READ was set up by five friends who found themselves caught up in a conversation about the dismal state of the country. But instead of just talking, they decided to act. Pooling together 25,000 rupees, they rented a building, bought furniture, hired and trained a teacher, and found 25 children to attend the school. Today READ foundation has 340 schools across the country and has seen 100,000 students graduate since 1994.
“The philosophy behind READ is to help those who do not have access to education,” says Afzaal Ahmed, READ Head of Outreach and Donor Relations. “One group that has been marginalised is orphaned children.” One year into their operations, they noticed that many children enrolled in their school did not return. “We realised it was the hidden cost of education, things like books, bags, transport, that was driving them away, so we decided we needed to subsidise these costs.”

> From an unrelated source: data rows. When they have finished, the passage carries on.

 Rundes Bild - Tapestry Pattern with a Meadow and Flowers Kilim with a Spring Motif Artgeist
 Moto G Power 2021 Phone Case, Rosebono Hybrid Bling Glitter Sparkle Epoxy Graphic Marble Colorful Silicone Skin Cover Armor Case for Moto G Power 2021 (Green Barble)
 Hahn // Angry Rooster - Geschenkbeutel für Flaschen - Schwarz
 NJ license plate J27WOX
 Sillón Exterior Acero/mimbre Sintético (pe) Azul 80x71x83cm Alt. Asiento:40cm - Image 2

The Foundation’s Orphan Sponsorship programme now provides support for 8,000 children, including orphans and children from families where there is no breadwinner. These children make up about 12 per cent of READ’s total enrolment. As many as 20 per cent of students benefit from concessions or subsidised education, while the remainder pay a fee of 400-500 rupees.
READ has six key objectives: quality education for all, low cost or free education, environment friendly education facilities, holistic learning, community involvement, and volunteerism. It takes pride in its purpose-built campuses and state-of-the-art facilities. Already 150 of their schools have science laboratories and more than 50 have computer labs, and there are plans to introduce similar facilities in all their campuses.
“Our schools should be self-sustaining and that is the goal,” says Ahmed, explaining that the fees collected are used primarily to pay operational and running costs. “The schools should be able to sustain their own costs and still be able to cater to the neediest.”
From a modest start in rented premises with a small group of students, today READ has 80,000 children in their schools, the majority of which are in Azad Jammu and Kashmir region, with some schools in Gilgit-Baltistan, Khyber Pakhtunkhwa and northern Punjab as well. Over the years, the network has grown to become one of the largest education systems in the not-for-profit sector and the largest education provider in Azad Jammu and Kashmir.
Currently 55 per cent of their teachers are women and 43 per cent of the students are girls. The Foundation runs 3 boarding schools for underprivileged girls, and their schools produce 500 ‘youth leaders’ each year.
“All our teachers are from the local community,” Ahmed explains. “In fact I visited a school recently and out of the 10 teachers there, seven were graduates of a READ school.” He adds that many students have gone on to become teachers, doctors or engineers.
Ali Adnan, from Bandala, Azad Jammu and Kashmir, started at a READ school in after his father died in 1998. “I joined the school with my older brother,” he recalls. “I didn’t have to pay tuition fees and they gave me everything—books, bag, uniform, notebooks and stationary.” Adnan is currently settled in Mirpur where he works as a mechanical engineer in a hydropower company. He completed his schooling and secured a scholarship to study engineering at the University of Science and Technology, Mirpur. “Everything I am today, whatever I am, it is because of READ,” says Adnan. “I owe them a lot. The best thing is that they take care of orphans, and this work is invaluable.”
Education is the Constitutional right of every Pakistani child and yet 25 million children in this country are not in school. But solutions to the country’s education crisis are within our grasp. READ Foundation is a glowing example of what can be achieved if people stop talking and start doing.